From the course: Sales Enablement: Design Programs That Drive Business Strategy
Topics for skill development
From the course: Sales Enablement: Design Programs That Drive Business Strategy
Topics for skill development
- [Instructor] As you get started with your sales enablement program, how do you really know that your seller is going to use what you produce? In fact, do you know why you're even creating the topics and content you're creating? Well, you won't unless you can directly link your program topics to the skills the seller needs to be successful. And that takes designing your topics with measurable outcomes and the real needs of the sellers in mind. Why do you create the things you create? Do you know how they are used and what they produce? Have you ever asked about the impact that your work has on the people it's made to support? Do you know your audience and their daily job, what it's like to be a seller? When engaging sellers, I find the conversations shift when they're asked questions about their needs or if certain assets are helpful. Here are some asks that you might come across. We need negotiation training. We need product training. We need sales process training. These are a lot of things we hear from our clients, and on the surface, the request seems really reasonable. A lot of sellers need to be able to be good at all of those things within their job. There are two things that you need to follow up on to figure out what's going on and why the requester has decided that these are the answer. What's happening in the sales process with a customer that you're thinking this training is needed? Is this issue happening across many sellers or just a few? How do we know that this is the issue? As you start to uncover what's really going on and what the stakeholder sees as the issue, it helps you to start formulating if the request is really the answer, and if it's a strong answer, how you're going to know if it's successful.
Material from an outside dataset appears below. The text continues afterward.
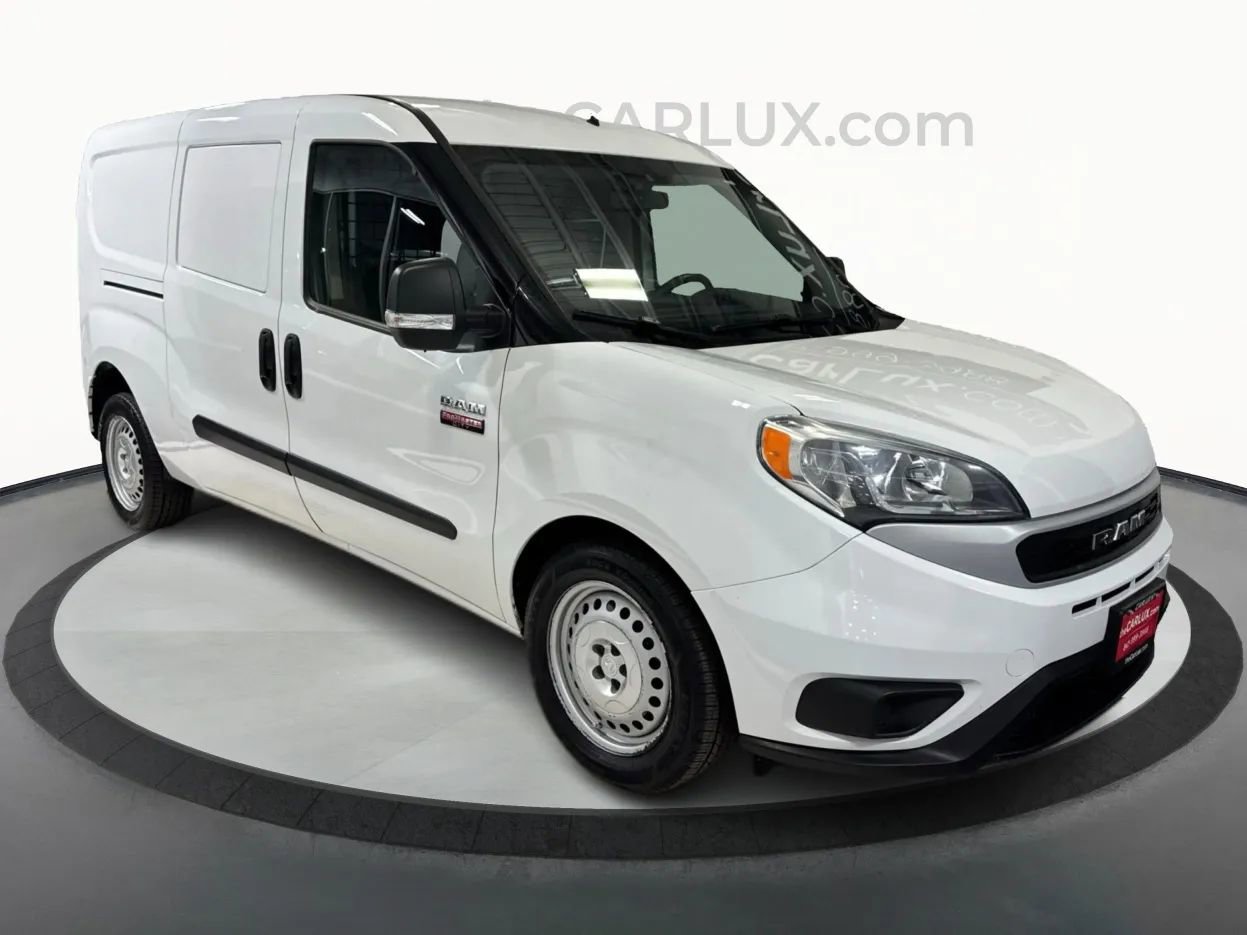 Used 2022 RAM ProMaster City Wagon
Ultimately, what you're digging into as a current state or baseline of where your sellers are today with, say, closing deals that are profitable, selling a new product, or addressing all of the steps needed for a strong deal during the sales process. So when you're given a topic and asked for something to be created, remember to follow up the request with your discovery questions so that you can make sure it's something that's going to make a material difference for the business.